What needs to be done:
One range is to be output from the listing below, exactly as written: the line with "Then you want" to the line with "This is what", both kept.

Data supplied:

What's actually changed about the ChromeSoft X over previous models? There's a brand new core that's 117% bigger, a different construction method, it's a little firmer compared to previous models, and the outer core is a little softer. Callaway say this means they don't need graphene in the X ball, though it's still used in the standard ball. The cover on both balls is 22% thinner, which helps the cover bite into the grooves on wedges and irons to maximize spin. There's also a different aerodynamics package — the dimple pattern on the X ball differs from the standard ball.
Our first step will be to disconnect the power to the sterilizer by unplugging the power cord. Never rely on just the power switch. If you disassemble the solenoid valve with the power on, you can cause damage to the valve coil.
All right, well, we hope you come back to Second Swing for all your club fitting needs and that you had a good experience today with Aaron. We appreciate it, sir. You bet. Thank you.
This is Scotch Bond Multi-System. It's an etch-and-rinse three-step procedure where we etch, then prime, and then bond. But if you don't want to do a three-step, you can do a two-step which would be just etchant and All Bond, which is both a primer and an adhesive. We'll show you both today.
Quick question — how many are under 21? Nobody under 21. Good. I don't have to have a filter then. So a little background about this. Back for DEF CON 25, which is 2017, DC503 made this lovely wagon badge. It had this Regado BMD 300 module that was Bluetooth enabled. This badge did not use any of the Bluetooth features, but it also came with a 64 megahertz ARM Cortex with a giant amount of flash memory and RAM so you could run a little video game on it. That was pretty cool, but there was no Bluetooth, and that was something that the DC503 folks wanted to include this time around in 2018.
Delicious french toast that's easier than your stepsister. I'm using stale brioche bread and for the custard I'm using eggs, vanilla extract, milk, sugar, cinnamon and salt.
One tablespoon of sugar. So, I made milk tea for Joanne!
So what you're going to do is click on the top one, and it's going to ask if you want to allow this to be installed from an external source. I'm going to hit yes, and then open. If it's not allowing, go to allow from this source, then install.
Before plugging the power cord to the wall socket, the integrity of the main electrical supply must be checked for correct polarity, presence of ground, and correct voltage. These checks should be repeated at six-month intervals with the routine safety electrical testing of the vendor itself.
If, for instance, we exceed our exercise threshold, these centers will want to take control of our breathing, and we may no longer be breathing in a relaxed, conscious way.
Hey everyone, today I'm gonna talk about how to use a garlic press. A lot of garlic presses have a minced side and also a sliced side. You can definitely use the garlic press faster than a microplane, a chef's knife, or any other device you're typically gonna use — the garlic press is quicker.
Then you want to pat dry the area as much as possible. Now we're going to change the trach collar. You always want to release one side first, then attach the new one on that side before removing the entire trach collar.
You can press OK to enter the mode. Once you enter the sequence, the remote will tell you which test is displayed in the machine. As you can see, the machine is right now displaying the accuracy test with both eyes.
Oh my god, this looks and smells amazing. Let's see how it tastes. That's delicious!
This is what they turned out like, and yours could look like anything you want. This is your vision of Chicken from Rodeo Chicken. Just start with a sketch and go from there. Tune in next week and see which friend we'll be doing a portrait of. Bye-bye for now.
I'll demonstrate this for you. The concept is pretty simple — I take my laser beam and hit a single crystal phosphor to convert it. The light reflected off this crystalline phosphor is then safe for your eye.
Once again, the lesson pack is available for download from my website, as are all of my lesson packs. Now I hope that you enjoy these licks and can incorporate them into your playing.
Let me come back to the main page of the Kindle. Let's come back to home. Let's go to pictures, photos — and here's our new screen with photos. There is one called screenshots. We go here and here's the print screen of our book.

Response below:
Then you want to pat dry the area as much as possible. Now we're going to change the trach collar. You always want to release one side first, then attach the new one on that side before removing the entire trach collar.
You can press OK to enter the mode. Once you enter the sequence, the remote will tell you which test is displayed in the machine. As you can see, the machine is right now displaying the accuracy test with both eyes.
Oh my god, this looks and smells amazing. Let's see how it tastes. That's delicious!
This is what they turned out like, and yours could look like anything you want. This is your vision of Chicken from Rodeo Chicken. Just start with a sketch and go from there. Tune in next week and see which friend we'll be doing a portrait of. Bye-bye for now.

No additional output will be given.